Leggendo le cronache di questi ultimi giorni mi viene da dire: “Ma ancora parla?”. Mi riferisco alle ultime uscite, inopportune, di Emanuele Filiberto di Savoia che ora vorrebbe addirittura fondare un partito e ripristinare la monarchia. Forse non gli è ancora ben chiaro che l’Italia è una democrazia e, soprattutto, una Repubblica parlamentare? Lo chiedo a me stesso, ma anche agli intellettuali di questo Paese. La Repubblica italiana, nata dalle lotte risorgimentali culminate con la guerra di Liberazione, è forte al punto da sopportare anche un Savoia che pensa di potersi riproporre come re d’Italia.

La nostra democrazia, infatti, a differenza della fu monarchia sabauda, consente a chiunque di poter esprimere liberamente il proprio pensiero. Dunque, la Repubblica garantisce la libertà. Libertà di espressione, di parola e di movimento a tutti, compreso il signor Emanuele Filiberto di Savoia.

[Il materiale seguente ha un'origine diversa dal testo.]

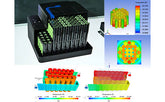 What is the battery arrangement and the effect of the battery cell structure on heat dissipation?
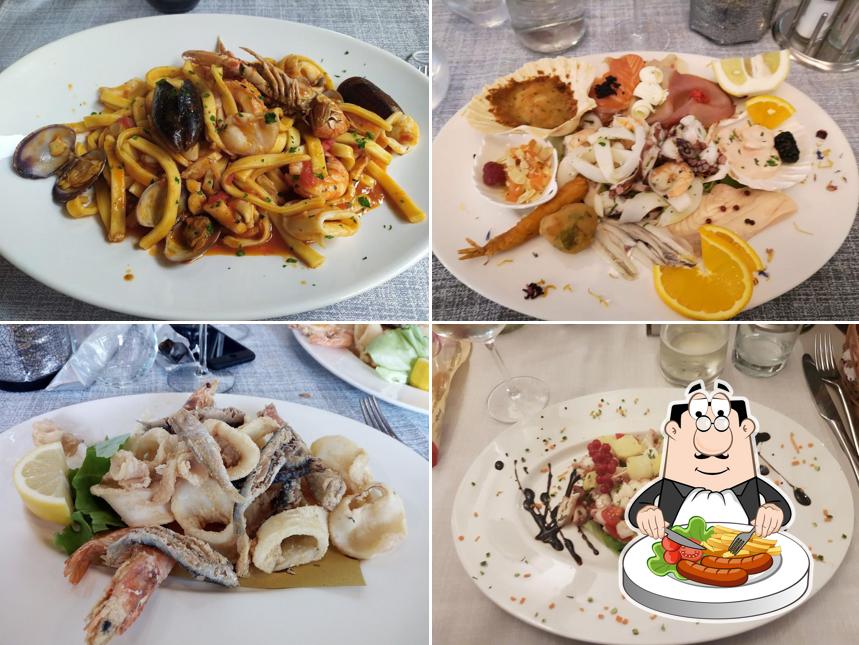 Cibo al Ristorante Primavera al Lago
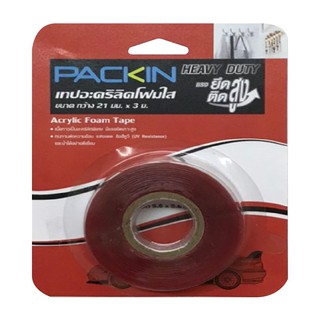 Adhesive tape DOUBLE-SIDED ACRYLIC FOAM TAPE PACK IN 21MMX3M Stationary equipment Home use เทปกาว อุปกรณ์ เทปกาวอะคริลิก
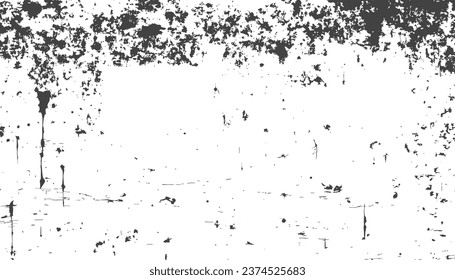 Plantilla de textura de grunge negro y blanco. El fondo de la capa de polvo sucio y oscuro. Ilustración del vector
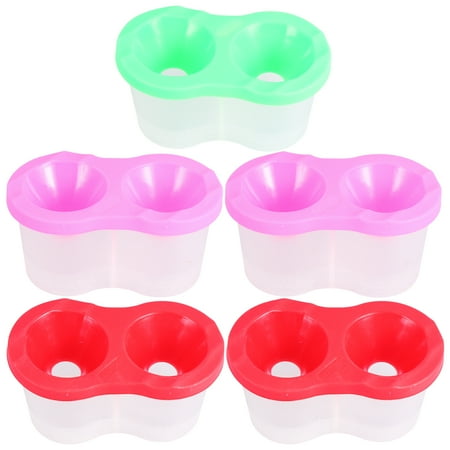 5Pcs Plastic Color Mixing Cups Pigment Holder Brush Washing Bucket Portable Art Supplies Drawing Tool Accessories (Random Color)
5Pcs Plastic Color Mixing Cups Pigment Holder Brush Washing Bucket Portable Art Supplies Drawing Tool Accessories (Random Color)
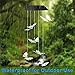 SUNJOYCO Butterfly Solar Wind Chime Outdoor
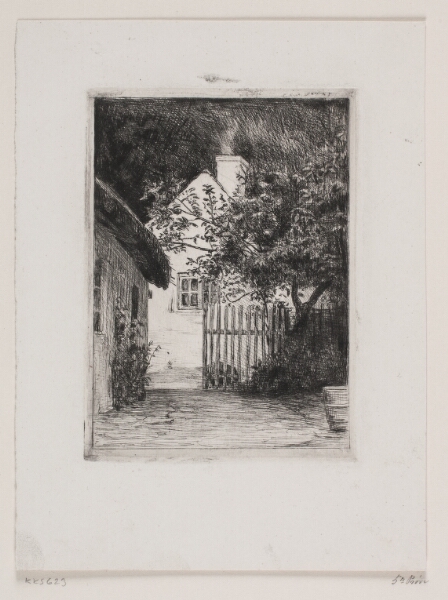 Carl Bloch, De to huse og frugttræet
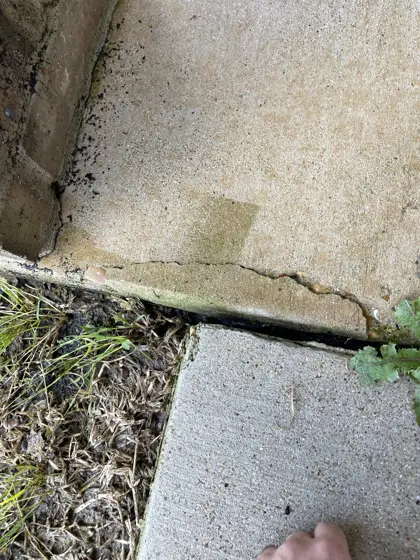 Stair and exterior pressure washing — photo P150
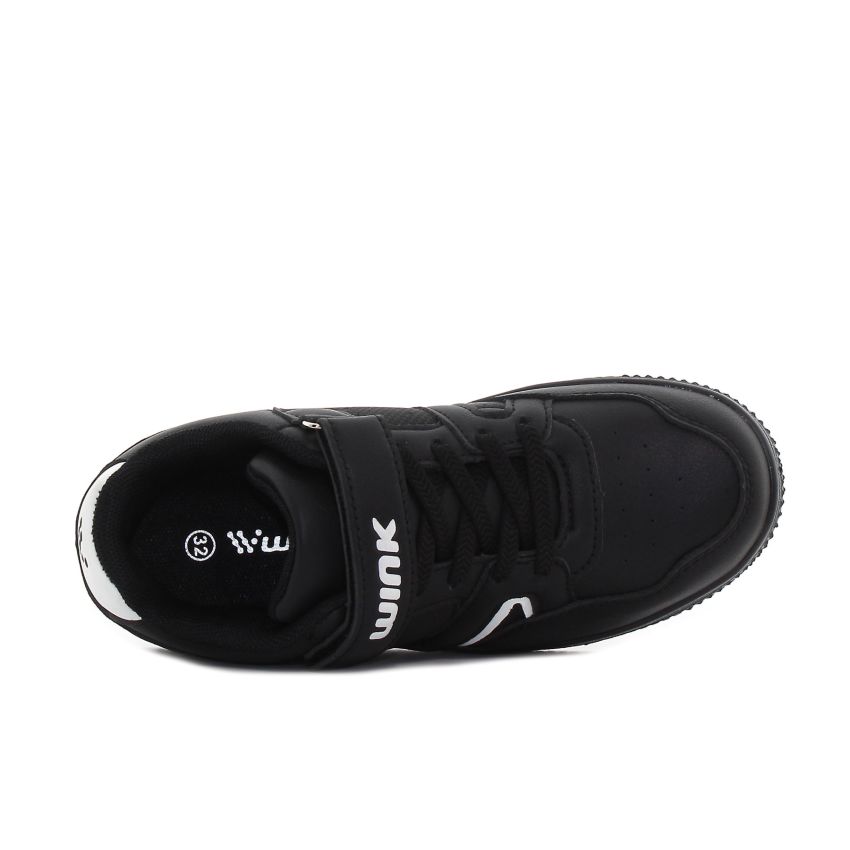 Wink - Niock fekete gyerek cipő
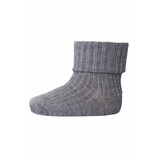 MP Denmark MP Denmark | Wool rib baby socks | Grey Melange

In questo caso però la domanda sorge spontanea: “Può la Repubblica garantire anche chi non la garantisce?” L’errore di aver cancellato la Tredicesima Disposizione transitoria e finale della nostra Carta Costituzionale, riammettendo i componenti maschi della famiglia Savoia senza chiedere loro di riconoscere la Repubblica, condividerne la Costituzione e rinunciare alle pretese dinastiche va ascritto a chi lo ha voluto, ignorando le attenzioni che il mondo laico e mazziniano segnalava, spesso tacciato di folcloristico veterorisorgimentalismo.

Invece a pochi anni da quella sciagurata scelta siamo qui ad assistere alle farneticazioni di un ex giovane svizzero che pretende non solo di fondare un partito ma di proporsi come re.

L’Italia ha bisogno di tutto tranne che di un re, vieppiù discendente di quella dinastia che ci ha regalato la dittatura nazifascista, scappando meschinamente quando era il momento di metterci la faccia, almeno per condividere insieme agli italiani le loro sofferenze vista l’incapacità di governarne i processi. E non ha bisogno di un re perché uno ce lo ha già: la Legge, vale a dire l’unico sovrano che una democrazia ammette e che una Repubblica riconosce. Sono un amministratore Repubblicano e appartengo a quella schiera di pubblici amministratori che nei valori mazziniani sono cresciuti e fondano il proprio operato sul senso del dovere, sull’etica nell’azione politica e sulla laicità dello Stato.

Invece, quella che si definisce come terza repubblica si fonda su un sovranismo populista grillosalviniano che non contempla il rispetto dei valori suddetti e che di per sé, anche senza macchiarsi anche della presenza di un partito savoiardo, riesce a farci rimpiangere i tanto vituperati governi della prima. Per questo credo sia indispensabile rilanciare un fronte repubblicano che esalti i valori del repubblicanesimo e quelli mazziniani di Repubblica intesa come comunità di liberi e uguali che vivono sotto l’egida della Legge e, in particolare, la legge delle leggi: la Costituzione.

Un fronte che, in nome dell’universalità del repubblicanesimo, continui nel sostenere il disegno di Europa, azzerando ogni tentativo di ritorno ad un nazionalismo protezionista e ad una cultura dell’autosufficienza che, in una società globalizzata, multietnica e multiculturale, può essere solo nella fantasia di chi alla responsabilità del governo dei fenomeni preferisce l’incoscienza della demagogia, alimentando suggestioni tanto illusorie quanto pericolose. Rafforziamo il disegno mazziniano, non le farneticazioni in libertà.

Ecco perché occorre che gli esponenti più autorevoli del mondo culturale e accademico, insieme alle personalità di spicco del nostro Paese, si mobilitino e sottoscrivano un appello ai cittadini che lanci un allarme serio sui pericoli che la deriva in atto rischia di provocare.